Из кадра с побелкой рождаются столь любимые Пудовкиным взрывы, чёрные ли на белом, белые ли на чёрном — неважно. Они могут быть достаточно продолжительными или действующими мгновенной перебивкой, как в бунте Баира, их сочетание может превратиться в бессюжетное монтажное зрелище, как в венчающем пудовкинские двадцатые «Простом случае». В фильмах трилогии эти и другие цветовые контрасты неизбежно выпадают на переломные, кульминационные, пиковые моменты драматургии, и опять это определение становится слишком общим по отношению к виртуозному синтаксису режиссёра. Пудовкин в такого рода контрастах не склонен к морализаторству: в «Конце Санкт-Петербурга» белый и чёрный дым поля битвы, через который просвечивает солнце, не больше говорят нам о моральности и аморальности русских и немецких солдат, чем белый и чёрный рукав в опыте с морфием из «Механики»; это дымы разного цвета, но сквозь них светит одно и то же солнце. Белый и чёрный паровозные дымы тыла даже, пожалуй, не выражают конкретных понятий, они откликаются на ту точку сюжета войны, в которой солдаты обеих сражающихся сторон осознают гибельность и бесперспективность её продолжения.

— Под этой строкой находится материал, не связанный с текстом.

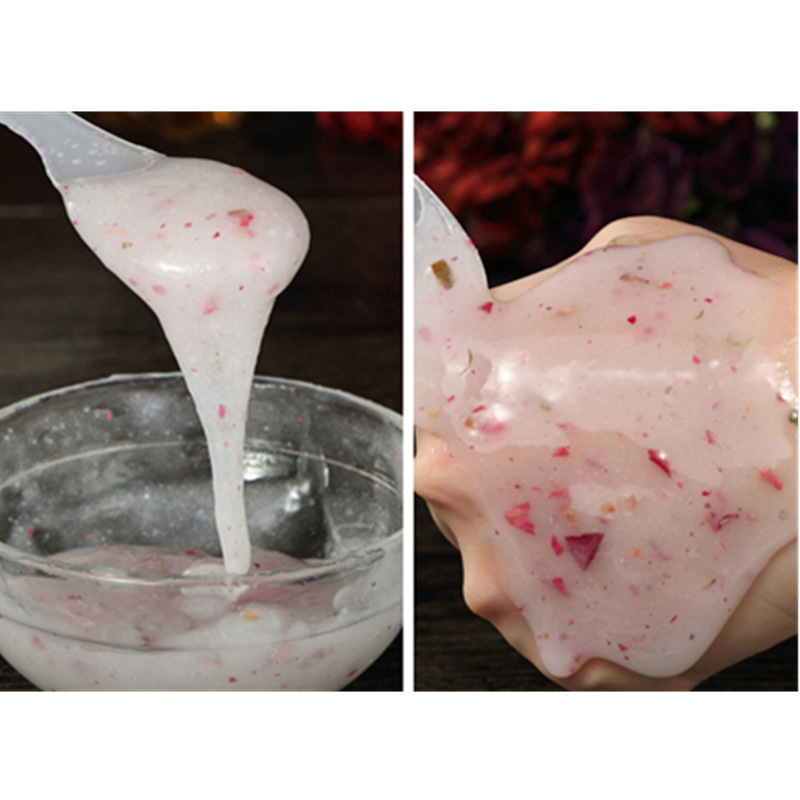 水晶软膜粉玫瑰花瓣面膜粉美容院装保湿补水500克装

Совершенно отдельным в зрелом творчестве Пудовкина становится вопрос расфокуса. Это — как и различные способы стилизации изображения, памятуя ещё о «стилевой» рефлексии «Механики», — вообще едва ли не самая малоизученная и интересная проблема. Что такое расфокус, туманящий взгляд, у Пудовкина с его пренебрежением к психологической среде? Ведь несмотря на то, что актёров в его фильмах не назовёшь «натурщиками» в кулешовском смысле этого определения, несмотря на то, что в его картинах снимаются видные театральные артисты Николай Баталов и Вера Барановская, смена актёрских состояний осуществляется в его фильмах не в рамках одного плана, а через монтаж. Актёрская игра в этих планах должна быть внятной, наглядной, поэтому Пудовкину нужен психологический театр Станиславского. Тем не менее эмоция не должна быть пережита, она должна быть точно взята и наглядно дана, выведена на экран, как слюна через фистулу. Где здесь место расфокусу?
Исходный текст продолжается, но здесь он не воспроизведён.